Mobile malware is on the rise in the U.S. and around the world, according to a new study from security firm Lookout, in a trend that neatly coincides with the shift from desktop to mobile computing. The survey, based on data from 60 million mobile users around the world, tracked the incidence of various types of threat from 2013-2014. These include ransomware, which as its name indicates holds your mobile device for ransom; Trojan malware, including a download that masquerades as an innocuous app in order to collect sensitive personal information; spyware that monitors personal messages; and even apps that surreptitiously exploit a device’s computing power to “mine” cryptocurrency (yes, bitcoins).
On the positive side there was a marked decrease in adware, which Lookout attributes to increased policing by Google. The report also covers chargeware, which charges users for services without informing them or giving them a chance to grant or withhold consent.
Lookout noted that different types of malware are more likely to appear in different regions. For example, ransomware is especially prevalent in the U.S., U.K., and Germany, while chargeware and fake “premium rate” SMS billing fell in the U.K. and France, but surged in Germany.
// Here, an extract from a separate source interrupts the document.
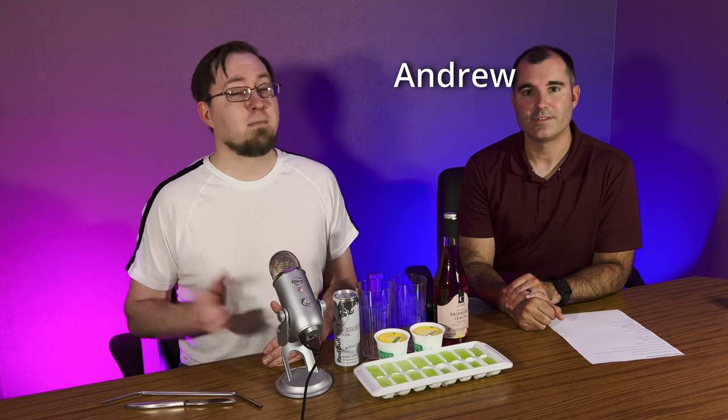Hello everybody, I'm Andrew, and I'm Phil, and welcome to Drinking and Driving, the unleaded edition — unleaded meaning this is a non-alcoholic drink that the whole family can enjoy. We're celebrating the 50th year of the Lamborghini Countach with this drink right here, so stay tuned.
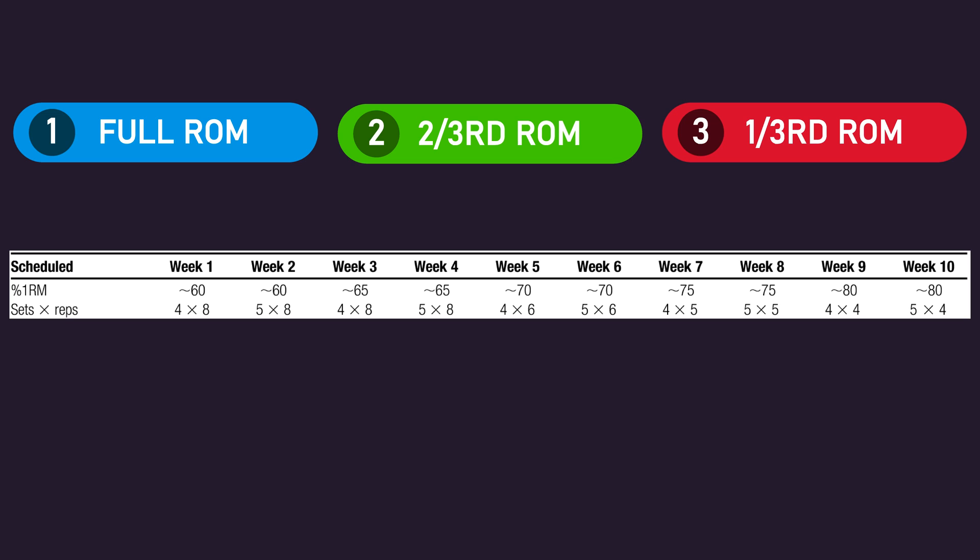What they found was the full range of motion group saw the greatest gains in one-rep max to body weight ratios for all three bench press variations. Also, the two-third range of motion group saw greater one-rep max to body weight ratio gains compared to the one-third range of motion group. In other words, training with the full range of motion bench press was most effective for increasing one-rep max to body weight ratios across all three bench press variations, while training with the one-third range of motion bench press was the least effective for increasing one-rep max to body weight ratios on all three variations.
One especially disturbing finding: The distribution of some malware attacks leads Lookout to hypothesize that the mobile supply chain has sometimes been compromised, allowing malware to be preloaded onto mobile devices in the factory.
Focusing on the U.S., Lookout found that the volume of Android malware attacks increased 75%, from 4% in 2013 to 7% in 2014. As noted, adware actually decreased sharply over this period, but ransomware posted big gains, with over four million U.S. Android users paying ransoms ranging from $300-$500 in order to free their devices. Doing the math, that suggests ransomware alone is a $1.2 billion-$2 billion industry in the U.S. (Maybe those jerkfaces are onto something after all.)